Dave Eade looks back at Koksijde's 2004 event, held over 3/4 July
Any seasoned airshow-goer is well used to the fact that, from a spectator's point of view, most airfields are built the wrong way around. How many have struggled not to take silhouettes at Mildenhall, Cosford and Waddington. The problem is even worse at Koksijde - trust me!
From the days when continental travel was a major adventure, we now look at the annual 'Open Door' at Koksijde as a day trip! Judicious booking, coupled with an unearthly start time from Suffolk, enabled three intrepid enthusiasts, for the total cost on the day of £30 each, to take a car via the Channel Tunnel to Calais after which the thirty-minute drive to Koksijde was a mere saunter.

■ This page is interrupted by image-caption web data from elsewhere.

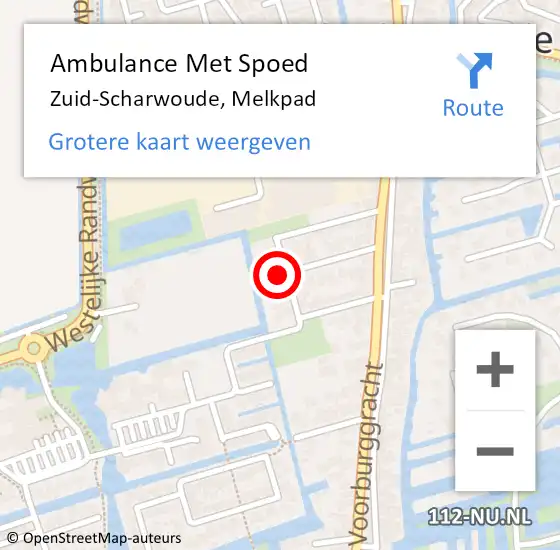 Locatie op kaart van de 112 melding: Ambulance Met Spoed Naar Zuid-Scharwoude, Melkpad op 16 september 2015 09:33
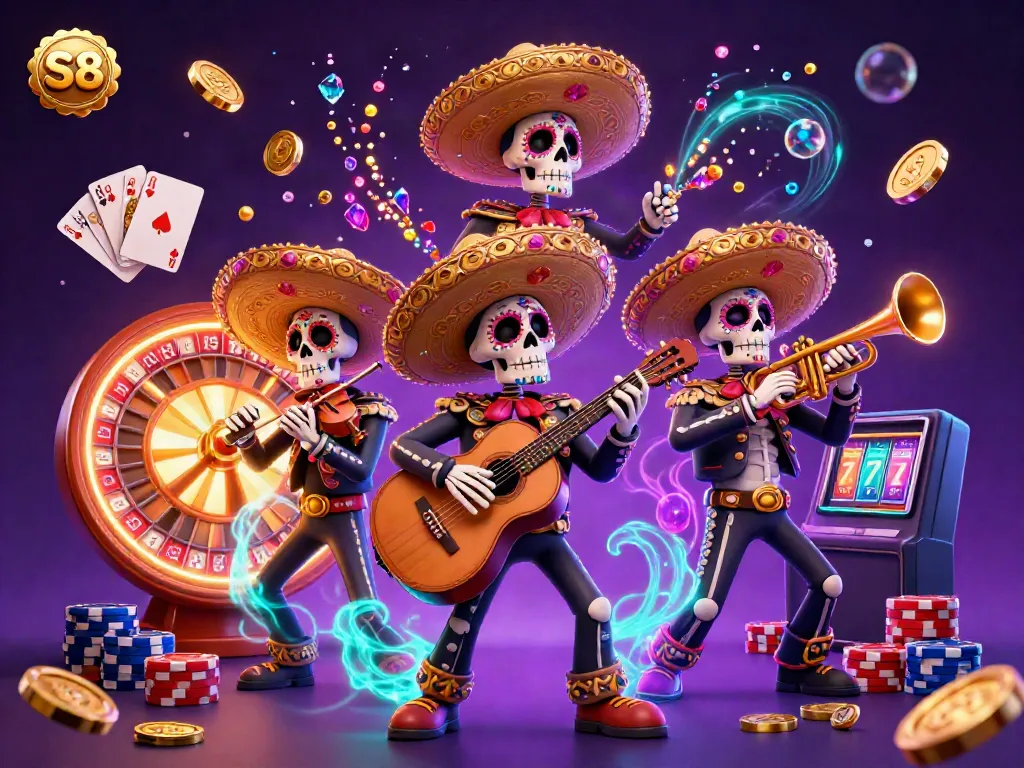 Enjoy S8's vibrant mariachi-themed casino scene filled with golden coins, roulette wheels, and poker cards.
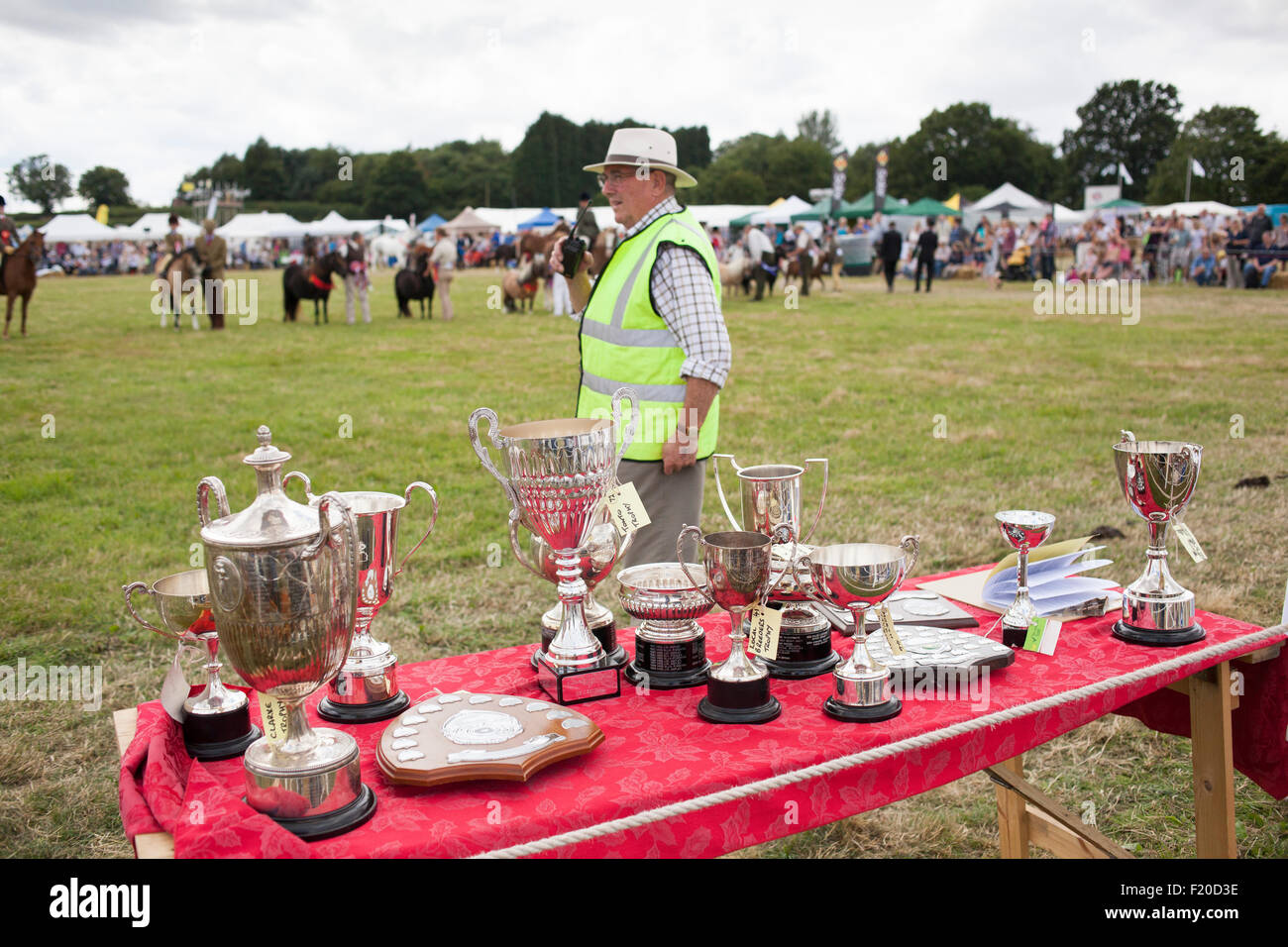 The 91st Fillongley Agricultural Show 2015. Prizes about to be awarded in the show ring. Stock Photo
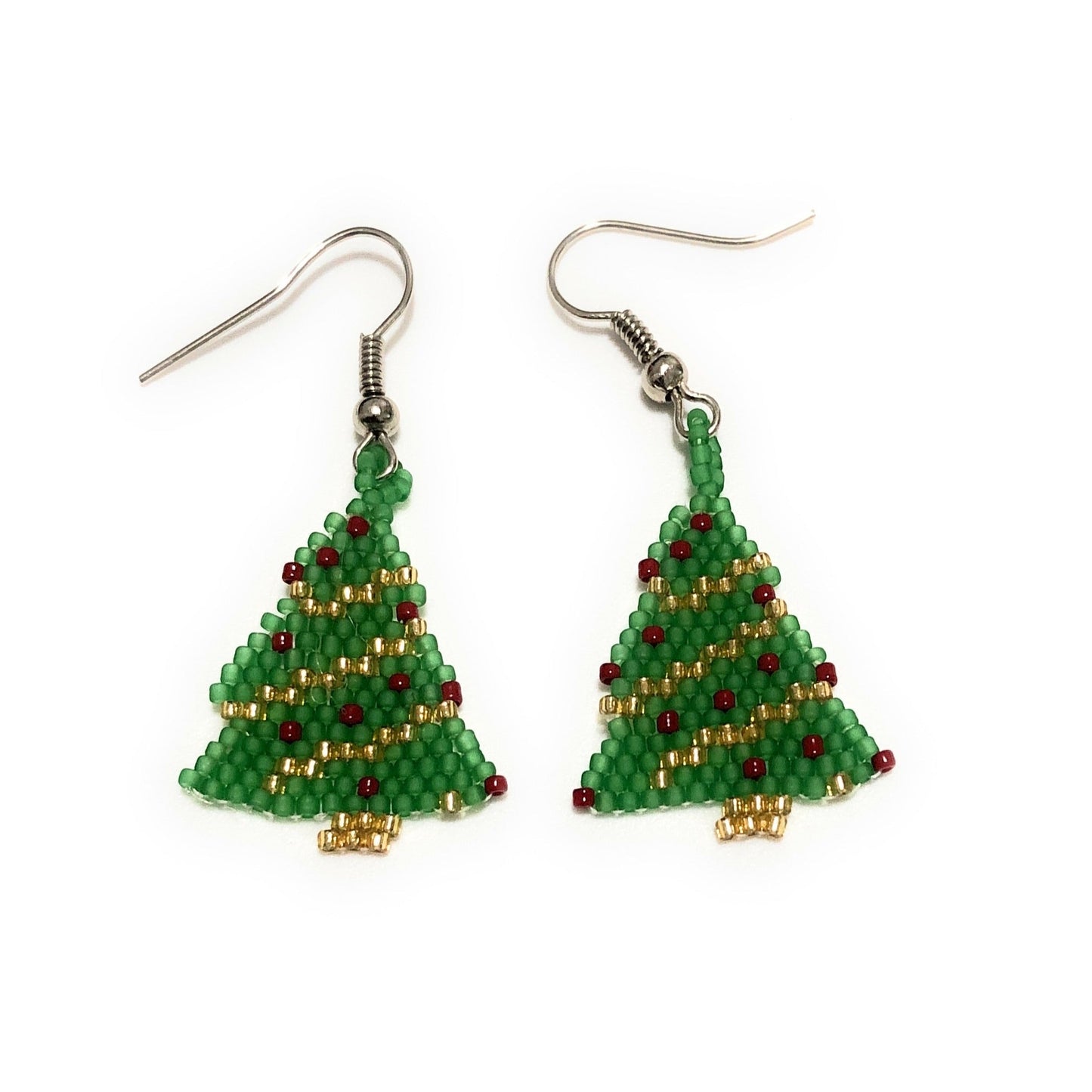 Stainless Steel Christmas Tree Ornament Earrings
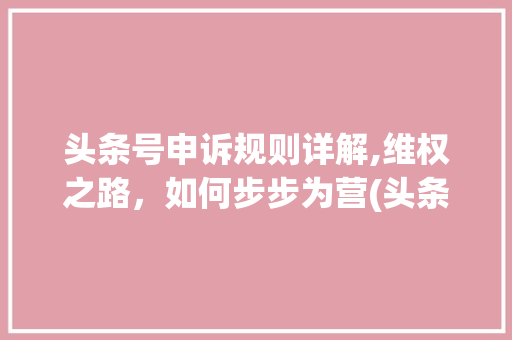 头条号申诉规则详解,维权之路，如何步步为营(头条号申诉规则) 头条号申诉规则详解,维权之路，如何步步为营(头条号申诉规则) 百度SEO
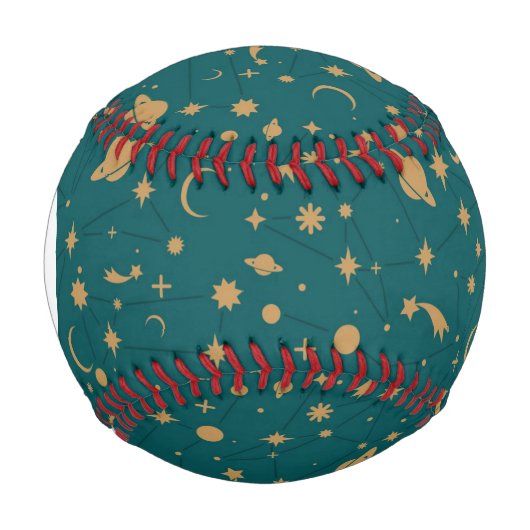 Balle De Baseball Motif d'espace Monogramme (Devant)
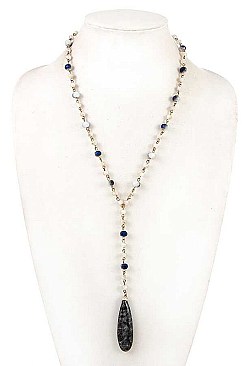 TEARDROP PENDANT GLASS BEAD NECKLACE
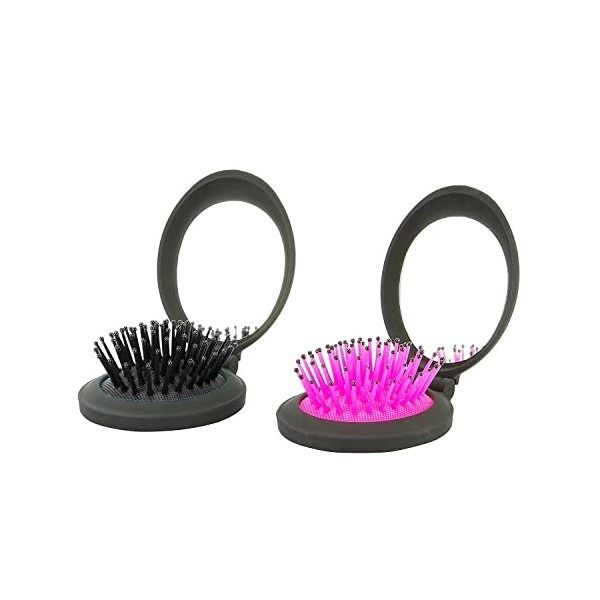 NuAngela Brosse à Cheveux De Voyage Avec Miroir Compact Format De Poche Miroir Pliable Mini Pop Up Brush Set Brosse De Poche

Open Day 2003 was a massive event, being a National Defence Day, so it was with some cynicism that yours truly ventured off to Belgium this year. Ironically, the 2002 show had been really poor and it was the expectancy of similar that made me less than enthusiastic for 2004. I suppose a halfway house was the best we could expect - and that's exactly what we got! With a list of some fifty-plus aircraft and a full flying show, things looked set fair for a good day.
In fairness to the organisers it was the best they could do with what they had. As I said above, they are hampered by the geography of the airfield from the start. The runway distance from the static line, hangars and public areas is too far - without a 400mm lens of very good quality, photography is very limited. I worked with a 300mm plus a 1.4x converter and still struggled with the fast jets. The day was made worse by a violent on-crowd wind which made holding a camera and telephoto a particularly hazardous task.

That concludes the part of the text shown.